Religion and the Republican Primary

In this year’s Republican Primary, some analysts, like Nate Silver of the New York Times’s FiveThirtyEight blog, have been using states’ religious makeup to predict the winner of the state’s primaries. The thinking is, states with larger evangelical populations are more likely to vote for a more conservative candidate like Newt Gingrich or Rick Santorum, and states with significant Mormon populations are more likely to vote for Mitt Romney. In one blog post, Silver writes:

“Then there was Colorado, a state that has reasonably similar demographics to Nevada, which Mr. Romney carried easily on Saturday. Colorado has somewhat fewer Mormon voters than Nevada, which hurts Mr. Romney — but it has somewhat more wealthy ones, which favors him. The betting market Intrade gave Mr. Romney about a 97 percent chance of winning Colorado entering the evening. But he lost the state by five points to Mr. Santorum.”


And later:

“Mr. Romney is zero-for-three so far in the Midwest, a region that is often decisive in the general election. He had tepid support among major blocks of Republican voters like evangelicals and Tea Party supporters, those voters making under $50,000 per year, and those in rural areas.”
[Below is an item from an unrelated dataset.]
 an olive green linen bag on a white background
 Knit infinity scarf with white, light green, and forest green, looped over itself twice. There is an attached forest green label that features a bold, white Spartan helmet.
You can use PolicyMap to look at these religious patterns. Here is a map of the protestant evangelical population:

As you can see, evangelicals are clustered in the south, areas where Newt Gingrich and Rick Santorum has done relatively well so far. Now look at a map of the Mormon population. Note that the Mormon population is much smaller overall, so dark colors represent lower rates than in the evangelical map:

In this map, the Rocky Mountains form a stark dividing line between areas with high and low Mormon populations.
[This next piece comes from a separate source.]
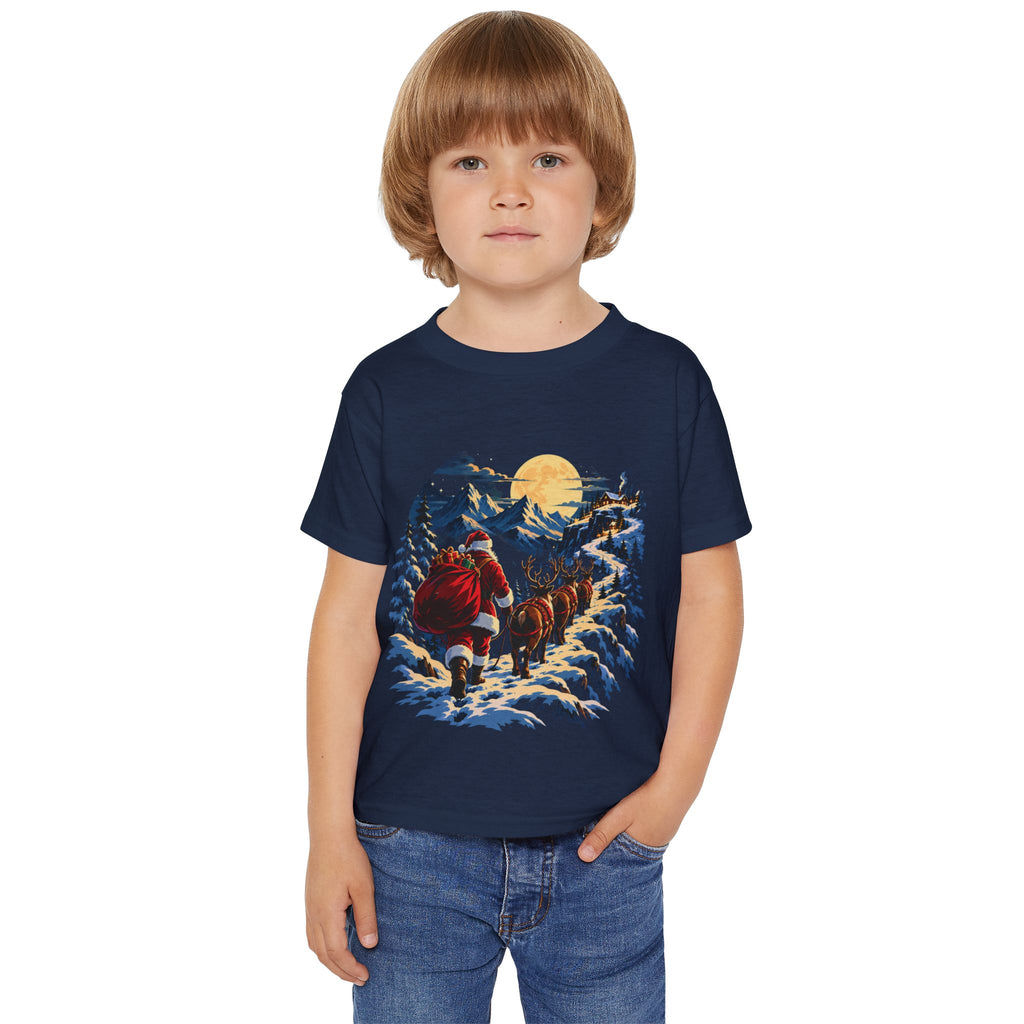 Toddler T-Shirt — Santa and Reindeer Winter Scene Holiday Tee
It’s interesting to look at county level results in states with geographically separated populations. In Colorado, where Mormons are concentrated in the west and there are more evangelicals in the east, Romney, who lost, had a better showing in the western portion of the state than he did elsewhere. In Florida, similarly, Romney won, but Gingrich had more support in the north of the state, which has a far higher evangelical population.